By Jamie Fine, PhD and Ruiwen Lee

Jamie Fine is EDF’s Senior Energy economist, and a graduate of UC Berkeley’s Energy Resources Group; Ruiwen Lee is an economics fellow and graduate of Princeton University’s Woodrow Wilson School of Public and International Affairs. Originally posted on EDF’s California Dream 2.0 blog.

California’s energy and climate change policies have saved the state over one hundred billion dollars and dramatically reduced levels of environmental pollution since the early 1970’s. Yet these policies have been in the crosshairs of industry for decades, despite their demonstrated success. It’s not surprising that the latest study sponsored by the state’s main manufacturing lobbying group, the California Manufacturers and Technology Association (“CMTA”), ignores the achievements of these landmark policies while attempting to downplay the benefits of new laws that protect human health and the environment.

EDF’s team of economists looked behind the curtain of CMTA’s most recent tirade against clean air laws and found cherry-picked assumptions, secret modeling calculations, and confusion over basic economic principles. Accordingly, while CMTA’s new report maintains that it modeled the impacts of California energy and climate policies on the state’s economy, the results more closely resemble CMTA members’ manufactured products than actual economic analysis.
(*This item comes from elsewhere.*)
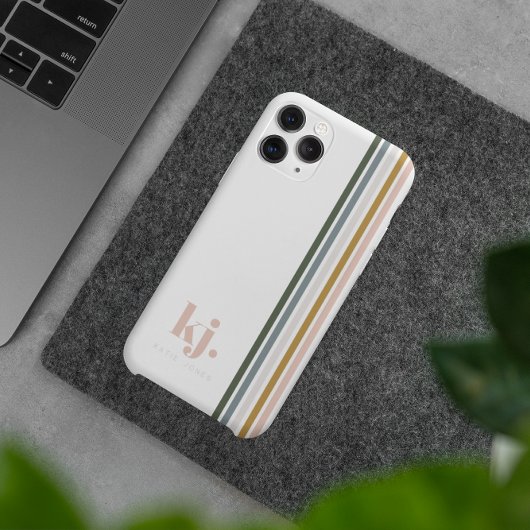 Chic Retro Stripes Monogramm Case-Mate iPhone Hülle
Cherry-picked data – CMTA’s report is based on the impact of seven different policies currently underway in California:  The 1) Low Carbon Fuel Standard (“LCFS”), 2) Pavley II car standards, 3) SB 375, 4) the Renewable Portfolio Standard (“RPS”), 5) Combined Heat and Power (“CHP”) standards, 6) new efficiency measures, and 7) the Global Warming Solutions Act of 2006 (“AB32”).

Though these policies have been carefully designed and the economic impacts studied, modeled, re-studied, re-modeled, and peer reviewed, the report’s analysis assumes significantly lower benefits and higher costs than nearly every other peer-reviewed analysis that currently exists.  With these new assumptions, each described in a mere sentence or two, the goal seems to have been to engineer a flimsy model that puts AB32 into a bad light.

Even more subtle assumptions are not immediately obvious at first glance. For example, in the electricity model, the report uses a simplistic “average change in electricity demand”, based on the ten-year historical decline in electricity use per unit of state output, to project future electricity demand.  However, this model does not consider the reduction in electricity demand from the energy efficiency measures that have only recently been implemented, or yet to be imagined by innovators – meaning the modeling output undercounts savings from day one.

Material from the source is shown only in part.